關於中國現代設計史的研究,多年來國內外的許多學者做了大量的工作。總的來看,晚清、民國的研究積累相對而言比較充分,對於1949年以後新中國設計史的研究則顯得比較薄弱。無疑,歷史研究是以史料、史實和史觀作為基礎的,我們對於一個時代的認識既可以以文字為主體進行梳理和概括,也可以以具體可見的實物、作品和文獻為主體進行更為感性的呈現。前者表現為學術論文和專著,後者表現為具有學術研究性的展覽,兩者皆為學術生產,相輔相成、相得益彰,具有密切的相關性。

「新中國設計的誕生」這個展覽聚焦於1945—1959年的中國設計,是國內外第一次圍繞這個時間段就相關主題所進行的一個研究型展覽。展覽的學術基礎是我們的研究團隊圍繞國家社科基金藝術學重點項目「新中國設計史研究」這一主題所展開的一系列研究,展覽可以說是這個研究項目局部內容的一次具體呈現。在策劃和推動這個展覽之前,研究團隊已經做了較為充分的準備,我們查閱了眾多文獻,收集了大量的一手資料,並初步建立起對新中國設計史基本線索的結構性認識。但是,我們的思路和看法總體上是否能夠被學術界和大眾所認可,哪些值得肯定和保留,哪些需要修正和改動,這些都需要聽取各方面的意見,需要經過大家的討論和驗證。驗證的方式,除了相關研究的論文發表和學者之間的交流和研討,研究性的展覽也是非常重要的,它可以為學術研究提供一個討論的對象和平台,對於藝術和設計學科尤其如此。有鑒於此,我們決定先把「新中國設計的誕生(1945—1959)」這個主題作為研究中的重要環節進行呈現,通過這個展覽,一方面幫助我們檢驗和矯正學術研究思路,另一方面,也是以展覽為契機,進一步加強對新中國設計史基本史實和資料的匯總。展覽的構想得到了中央美術學院、中國美術學院和四川美術學院的領導和同仁的大力支持,首展在中央美術學院美術館(2024年3月20日至4月21日)已經順利完成,在此我們深表感謝!需要說明的是,限於資金、場地、展品等客觀條件,展覽並不能夠全面反映學術研究的內容,展覽所呈現的結構和歷史認知也只是一家之言,如果通過我們的研究和展覽能夠激發更多的學者對相關學術領域的研究興趣,拋磚引玉,可謂善莫大焉。

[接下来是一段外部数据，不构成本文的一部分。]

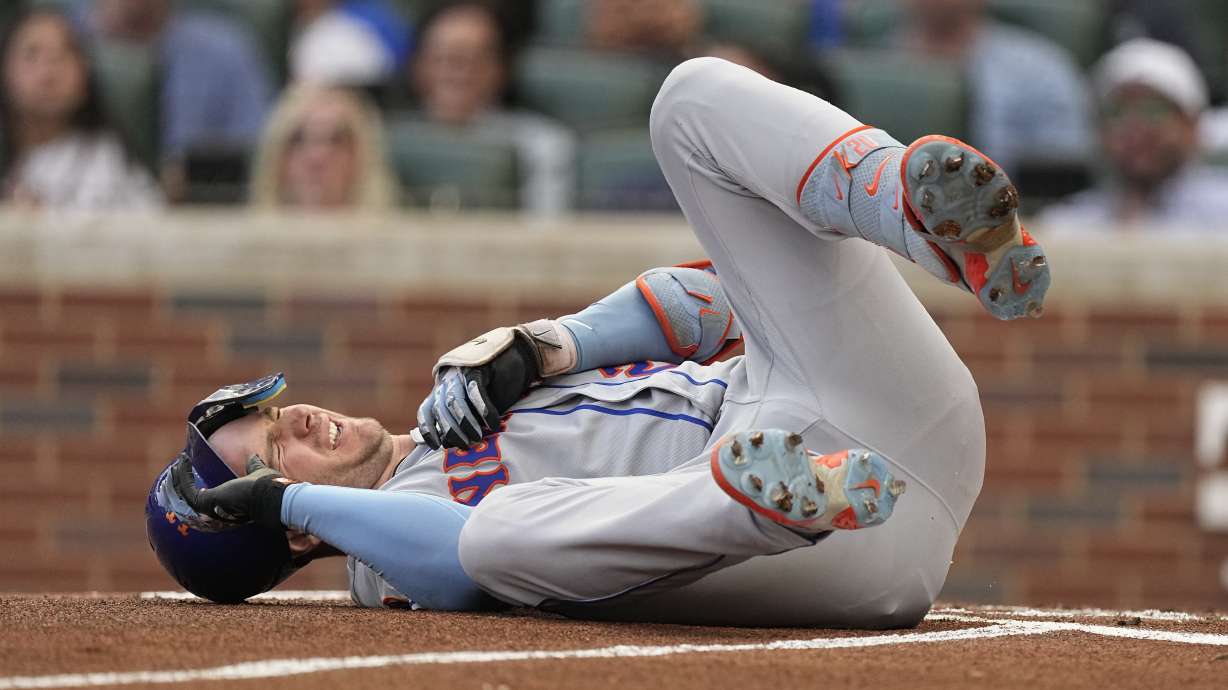 New York Mets first baseman Pete Alonso reacts after being hit by a pitch from Atlanta Braves starting pitcher Charlie Morton in the first inning of a baseball game, Wednesday, June 7, 2023, in Atlanta. Alonzo left the game and went into the clubhouse for treatment.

「新中國設計的誕生」展覽策劃在理論層面秉行三個基本原則。

首先,是總體史的原則。中國幅員遼闊,展覽的內容不能只關注北京、上海,要儘量兼顧不同的地域,平衡不同的人群、行業領域和設計專業門類,從生活的世界看設計的世界,以達到對新中國設計史的整體把握。比如,在新中國成立之初,除了華北和華東地區,東北、西北、西南和華南地區的設計也有很多可圈可點之處,我們能不能把其中最重要的、最具代表性的設計納入總體史研究框架中呢?「為重工業設計」與「為輕工業設計」如何平衡?「生產的設計」與「生活的設計」如何兼顧?除了男性的設計世界,女性和兒童的設計世界如何展現?除了學術界向來比較關注的平面設計、產品設計、建築設計等門類,像如染織設計、服裝設計等一些現在有些式微,但在新中國成立之初卻極為重要的產業設計如何呈現?諸如此類的問題都是值得關注的。

其次,是現代化敘事的原則。20世紀中葉的中國經歷了社會巨變,革命的勝利使中國的社會性質從半殖民地半封建社會過渡到新民主主義社會,進而又通過大規模的社會主義改造進入社會主義社會。中國迫切希望擺脫落後的農業國面貌,通過優先發展重工業轉變成一個現代化的工業國。建設一個偉大的新社會的理想激發了一代人的熱情,在這個大背景下,中國設計,作為中國社會生產力和生產關係的重要表征,從形式到內容,也都發生了巨大的變化。中國的現代設計是中國現代化進程的一部分,因此要在現代化的敘事之中考量中國現代設計的意義。而現代化的核心是工業化,對於新中國來說,尤其是圍繞第一個五年計劃和全國的工業布局所展開的生產建設和設計實施,相關內容是我們從現代化和工業化的角度深入理解新中國設計道路的一個重要切入點。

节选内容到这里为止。